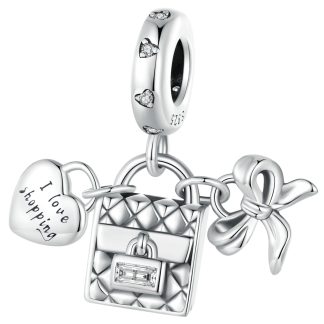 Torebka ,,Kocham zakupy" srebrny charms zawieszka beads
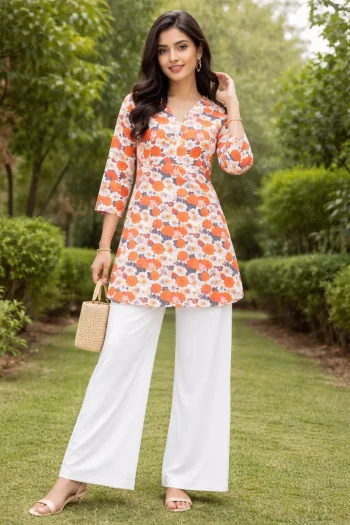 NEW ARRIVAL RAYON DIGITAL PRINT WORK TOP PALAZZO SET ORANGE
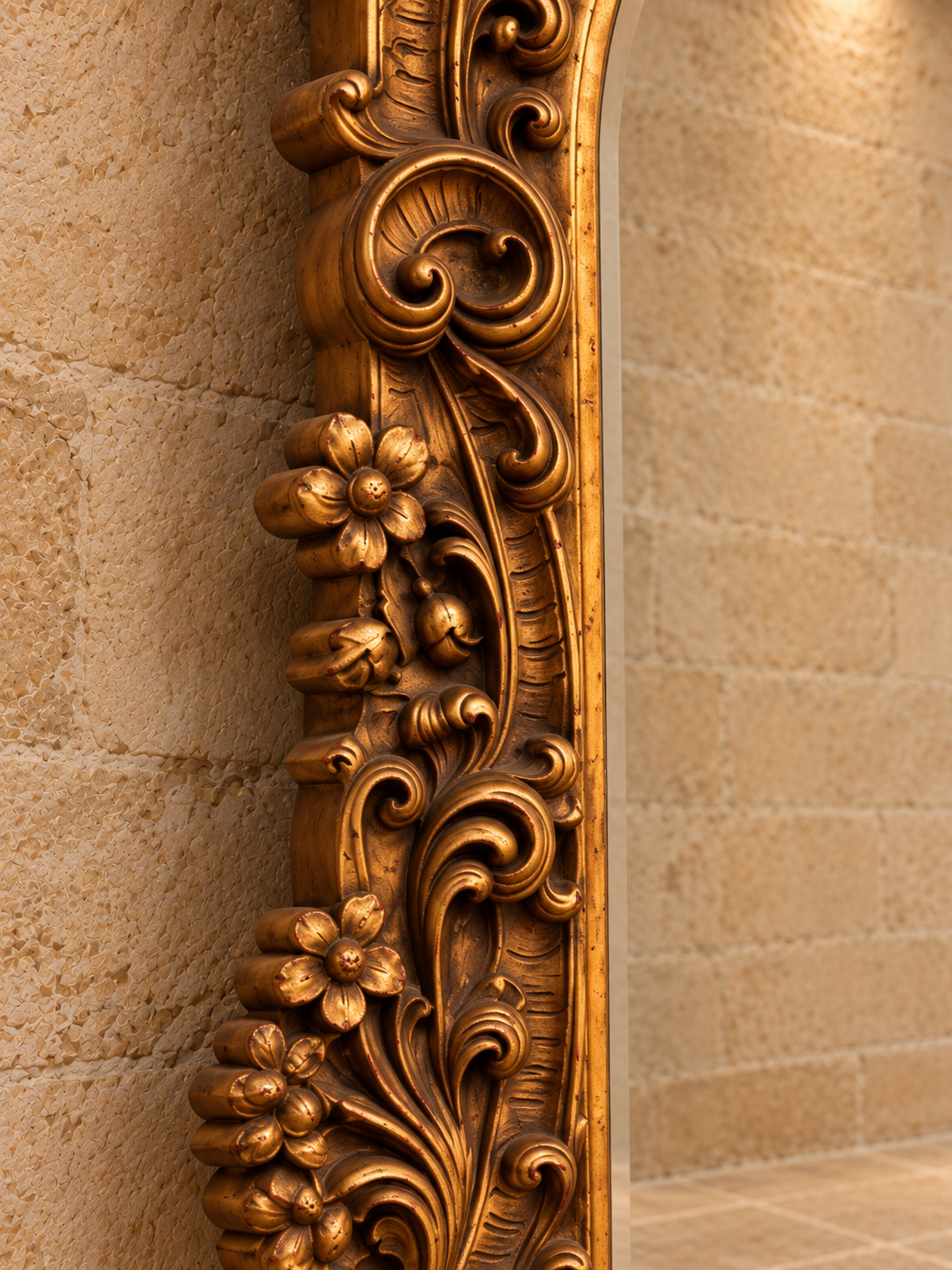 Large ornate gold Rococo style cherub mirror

+++

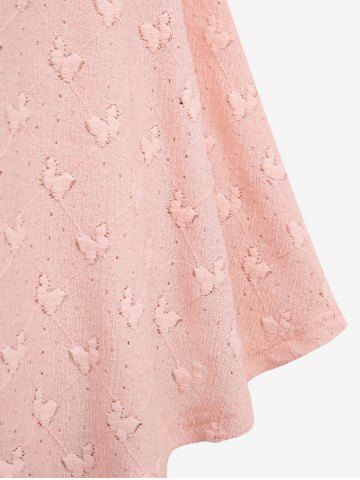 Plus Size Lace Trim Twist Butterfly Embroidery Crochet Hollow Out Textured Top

+++

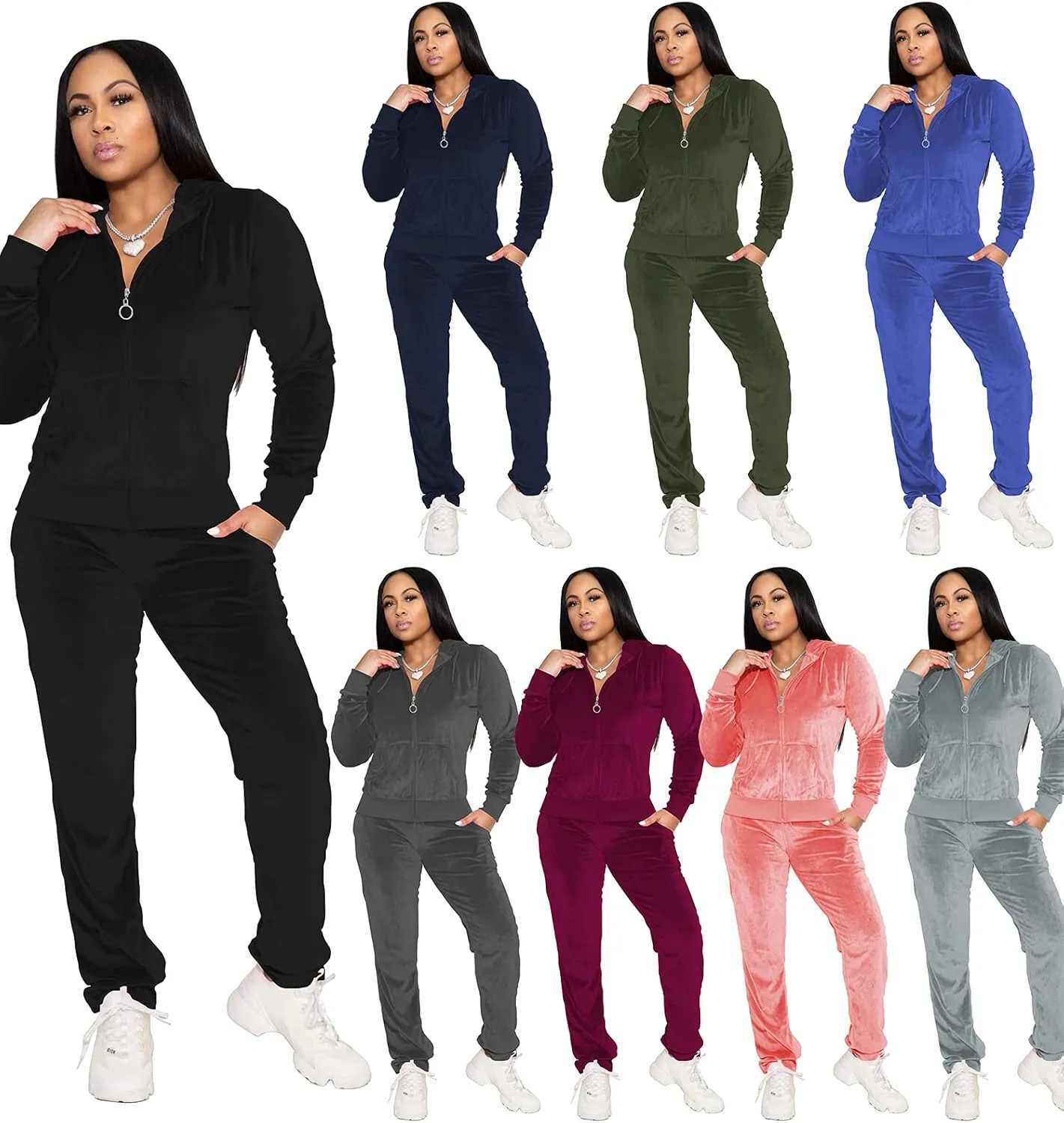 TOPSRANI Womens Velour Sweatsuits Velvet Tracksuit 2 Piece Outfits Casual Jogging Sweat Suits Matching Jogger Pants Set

+++

_ABOUT THIS TASK_: Would you copy, word for word, only the lines above from the one containing "NEW ARRIVAL RAYON" through the one containing "Large ornate gold Rococo style cherub mirror", both included, and please leave out the pictures?

_WRITTEN SOLUTION_:
 NEW ARRIVAL RAYON DIGITAL PRINT WORK TOP PALAZZO SET ORANGE
 Large ornate gold Rococo style cherub mirror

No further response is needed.